Performance evaluation can help investors identify the strengths and weaknesses of
their investment strategies. This information can be used to make adjustments to
improve performance or reduce risk.
Improving Investment Strategy
Regular performance evaluations can help investors and portfolio managers refine
their investment strategies by identifying areas that require improvement or
adjustment based on market conditions and individual objectives.
Monitoring Manager Performance
For investors who use professional portfolio managers, performance evaluations can
be an essential tool for monitoring the manager's effectiveness and ensuring that
they are adhering to the agreed-upon investment strategy.
Conclusion

Portfolio performance evaluation is a critical aspect of the investment process that helps
investors and portfolio managers make informed decisions and optimize their strategies.

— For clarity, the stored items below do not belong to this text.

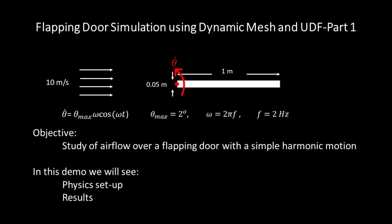This demonstration includes two parts. In this part, part one, I'll show you physics setup and results. In part two, we will see the UDF that I have used to define the simple harmonic motion of the door as well as dynamic mesh setup.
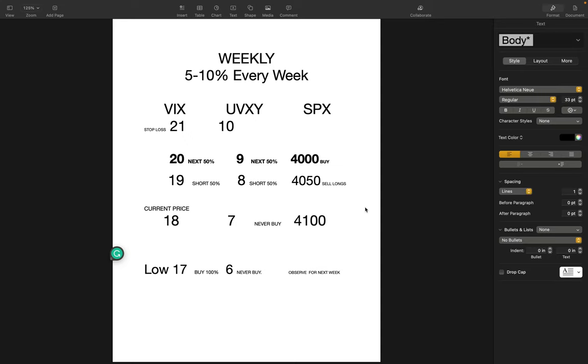Hey guys, you are watching VIX, UVXY, and SPX weekly analysis. This video is about how you can make 20 to 40% by the end of the month.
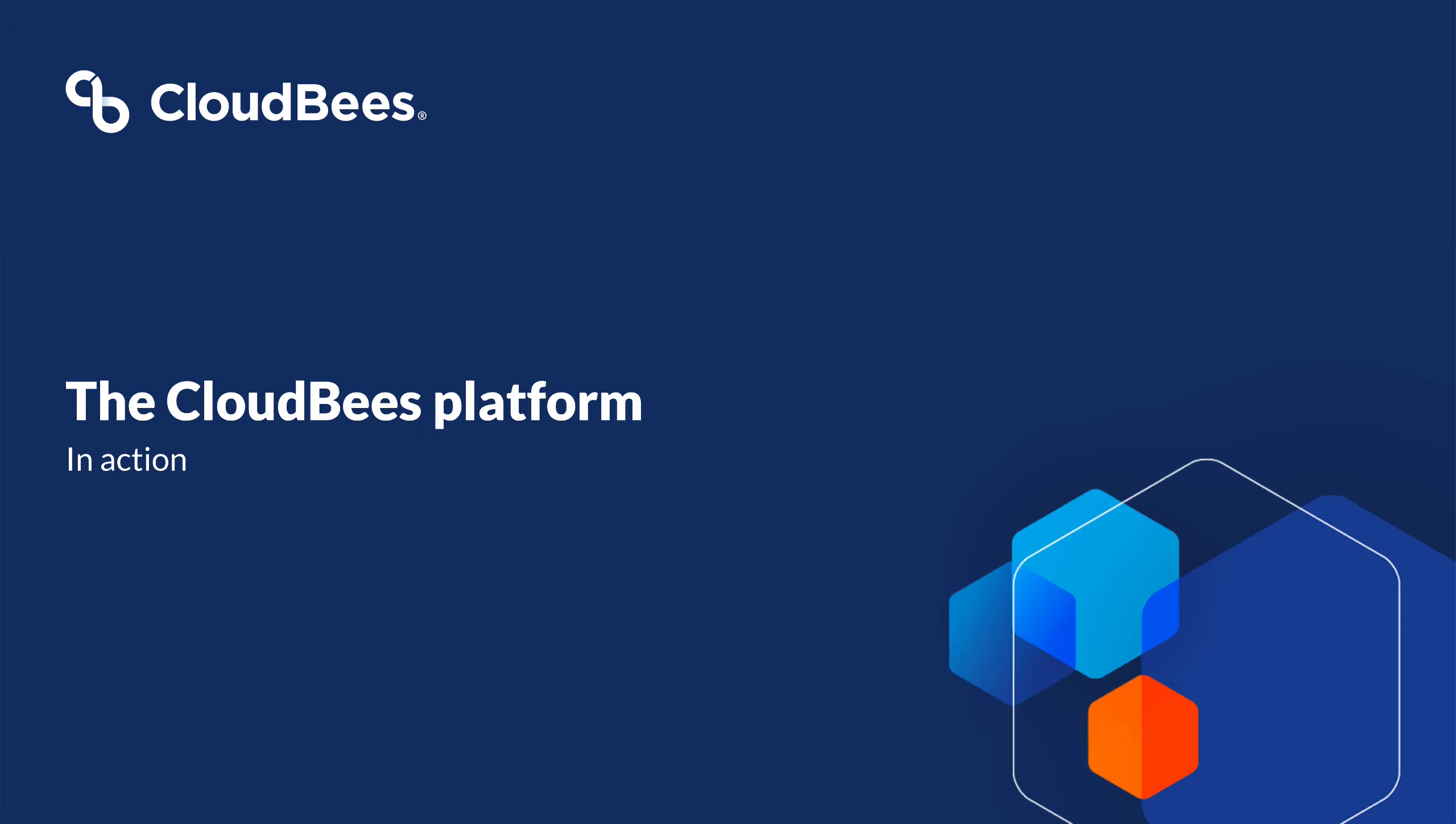Let's take a holistic look at the CloudBees platform and how all of its components come together. I'm going to walk you through a day in the life of a new feature starting from being written all the way out into running in production.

By assessing risk, return, and risk-adjusted performance, investors can identify the strengths and
weaknesses of their investment approaches and make necessary adjustments.
Regular evaluations also help investors monitor their portfolio managers' performance and
maintain confidence in their investment decisions.
Incorporating a wide range of performance metrics, appropriate benchmarks, and advanced
tools can provide a more accurate and comprehensive evaluation.
However, it is essential to consider practical factors such as data accuracy, evaluation frequency,
and the impact of fees and taxes to ensure a true representation of a portfolio's performance.
As markets and investment objectives evolve, performance evaluation methodologies must
adapt to provide meaningful insights. Ultimately, regular and thorough portfolio performance
evaluations can lead to better investment decisions and improved investor confidence and trust.